遠のく「中東和平」~大国が分断するパレスチナと聖地エルサレムの行方

(写真:アフロ)

世界地図を眺めていると、不自然な直線状の国境線がいくつも存在する。アフリカ大陸では、エジプト、リビア、スーダン、チャド、アルジェリア、マリ、モーリタニアなど枚挙に暇がない。ヨーロッパの列強が、自ら支配した植民地の領土を、政治的に画定したためだ。

本来の国境線とは、暮らしや地勢上の条件に基づくものだ。人為的な直線状の国境は、部族や多くの人々の暮らしを分断する。その結果、国家の範囲が、民族・宗教・文化的な領域と齟齬をきたし、国境付近では大きな軋轢が生じて、さまざまな紛争が起こる。

中東地域を見ても、サウジアラビア、オマーン、イラク、ヨルダン、シリアなどには、多くの直線状の国境が存在する。大勢の難民が発生しているシリアの内紛状態の背景には、歴史上の作為的な国境線の画定があるだろう。

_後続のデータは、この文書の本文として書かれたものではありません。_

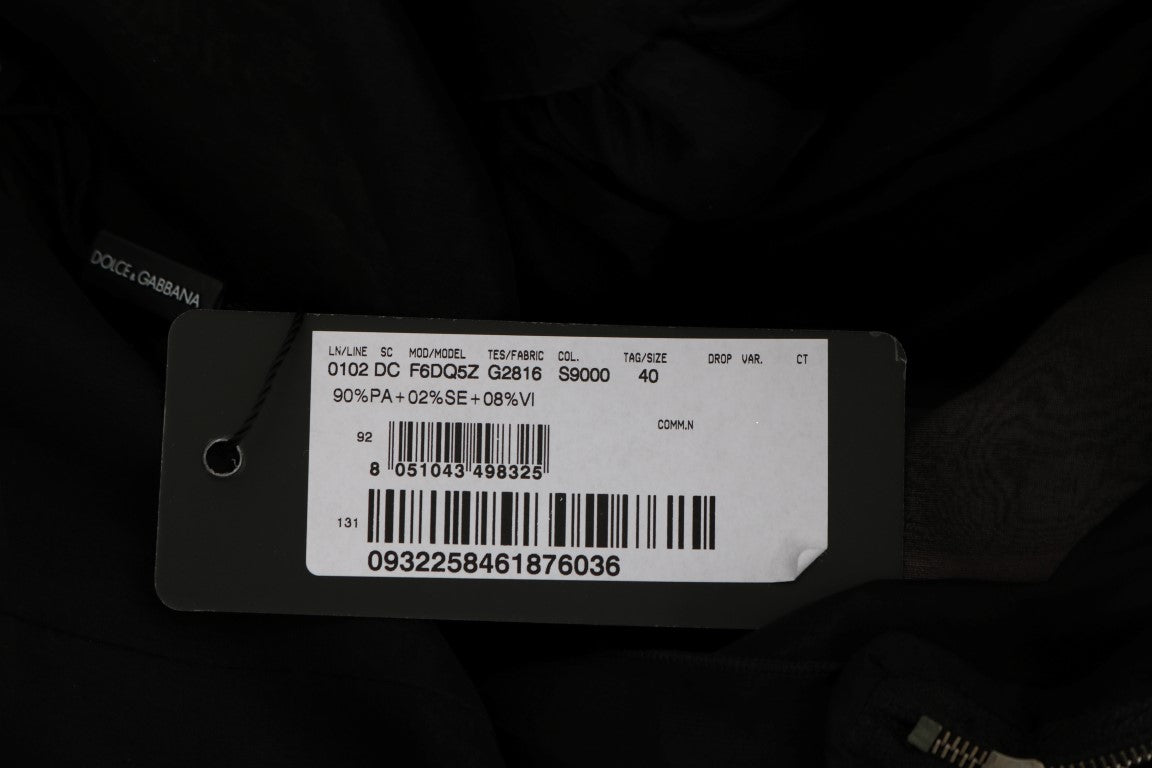 Dolce & Gabbana Langes schwarz-rosa Seiden-Shiftkleid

先日、米国トランプ政権が新たな中東和平案を公表した。パレスチナ国家の樹立を認める一方、ヨルダン渓谷や西岸地区のユダヤ人入植地をイスラエル領に組み込み、エルサレムを不可分の首都とするなど、かなりイスラエル寄りの和平案だ。

2018年5月、米国はイスラエル大使館をテルアビブからエルサレムに移転した。国際的にはイスラエルの首都はテルアビブだが、日本の旅行ガイドブックにも、すでに首都をエルサレムと記述しているものがある。

エルサレムはユダヤ教、キリスト教、イスラム教の聖地で、狭い旧市街には3つの宗教が共存している。だが、街中には無数の監視カメラが据え付けられており、若い兵士が自動小銃を携行している。イスラエルはパレスチナ自治区との間に高い分離壁を設け、人や物の動きを厳しく監視・制限し、パレスチナ人に不自由な生活を強いている。

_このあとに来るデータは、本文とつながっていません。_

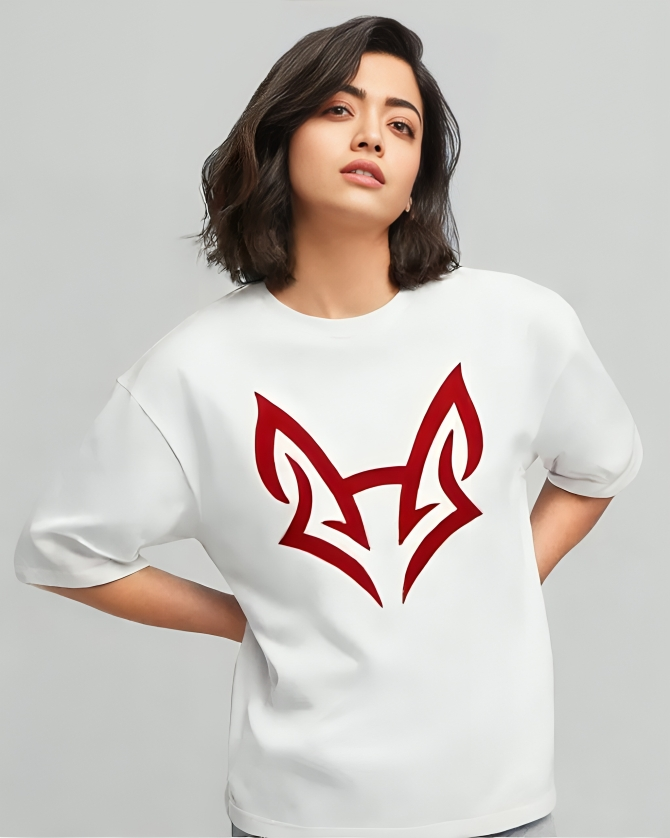 White Oversized Unisex Fox Creative Edition Terry T-Shirt !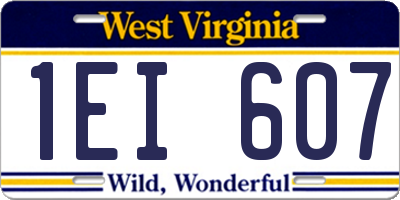 WV license plate 1EI607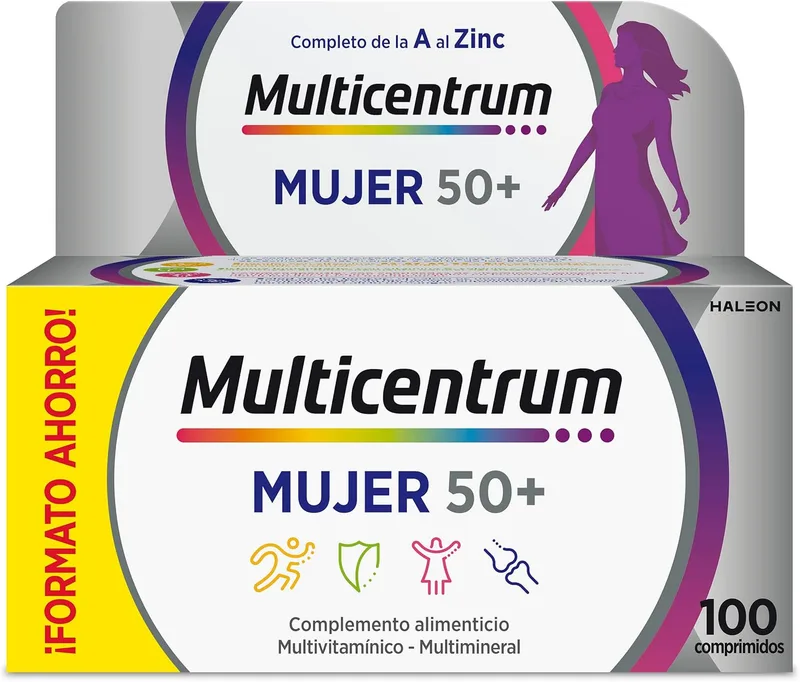 MULTICENTRUM ▫️ Mulher 50+, Suplemento Multivitamínico, Sem Glúten, 100 Comprimidos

川(river)が競争相手(ライバル)の語源となったように、水利権をめぐって部族同士が争い、川が国境線になることもある。イスラエルとパレスチナ双方にとって、ヨルダンとの間を流れるヨルダン川やヨルダン渓谷の獲得は、まさに国の命運をかけた重大事なのだろう。

ヨルダン川西岸のパレスチナ自治区のユダヤ人入植地を容認することで、パレスチナ国家の領土は虫食い状に分断される。当事者の合意のない第三者の大国による国境線の画定等は、緊張感を高め、紛争の火種を残し、ますます中東和平の実現を遠ざけるだろう。

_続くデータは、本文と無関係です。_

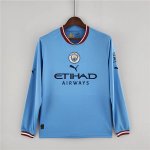 Manchester City 22/23 Home Blue Soccer Jersey Long Sleeve Football Shirt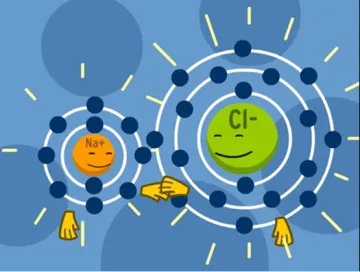 On smaller sodium atom holding hands with a larger chlorine atom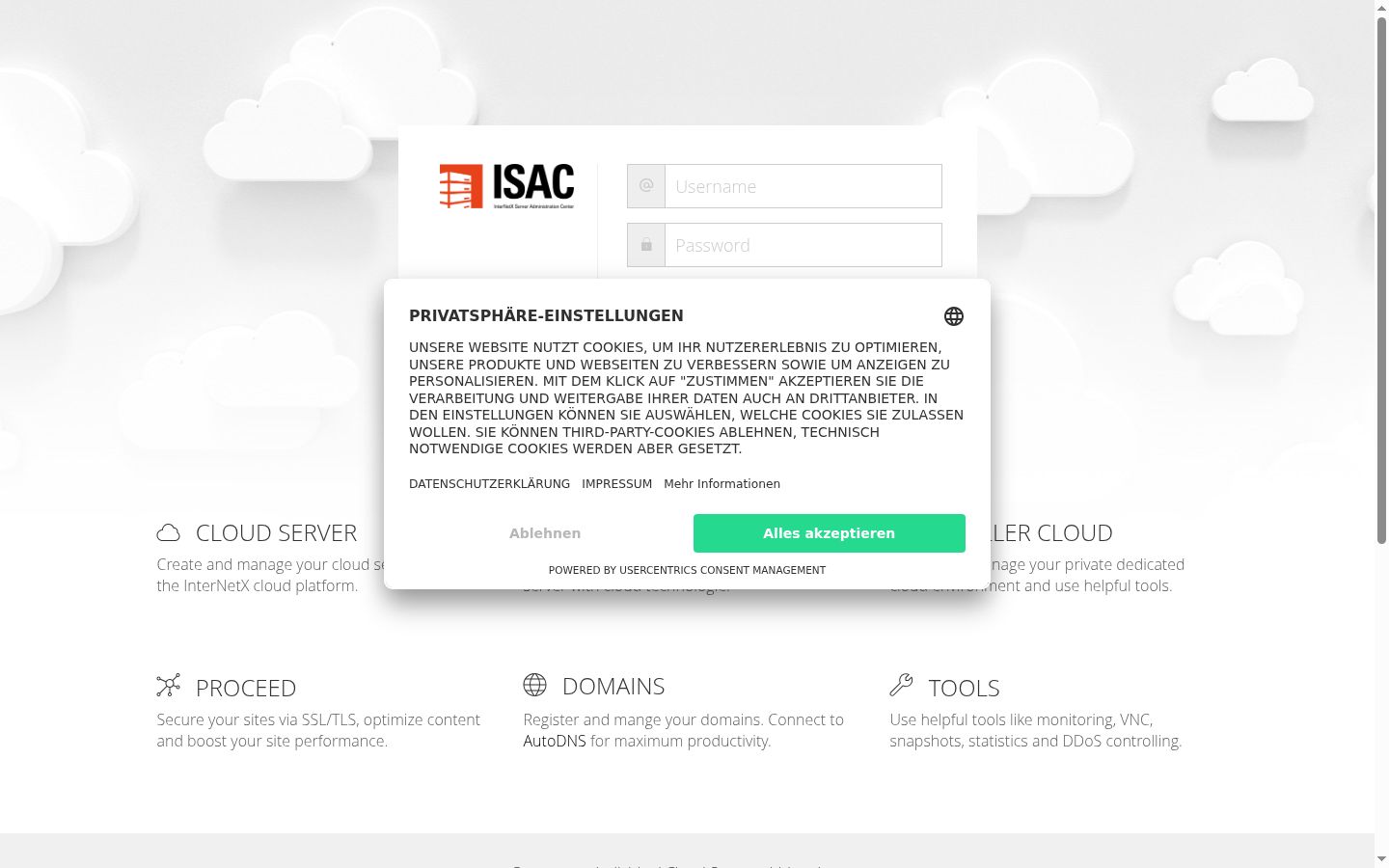 Screenshot del banner di consenso mostrato prima di qualsiasi interazione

1月27日、ユダヤ人の大量虐殺(ホロコースト)の現場となったポーランドのアウシュビッツ強制収容所が解放されて75年になる。現地では各国首脳が招待され、同じような惨劇を二度と繰り返さないことが誓われた。パレスチナ国家の樹立を求める人々の姿は、長く迫害され続け、ようやく国家を手にしたイスラエルの人々の姿と重なっているようにもみえる。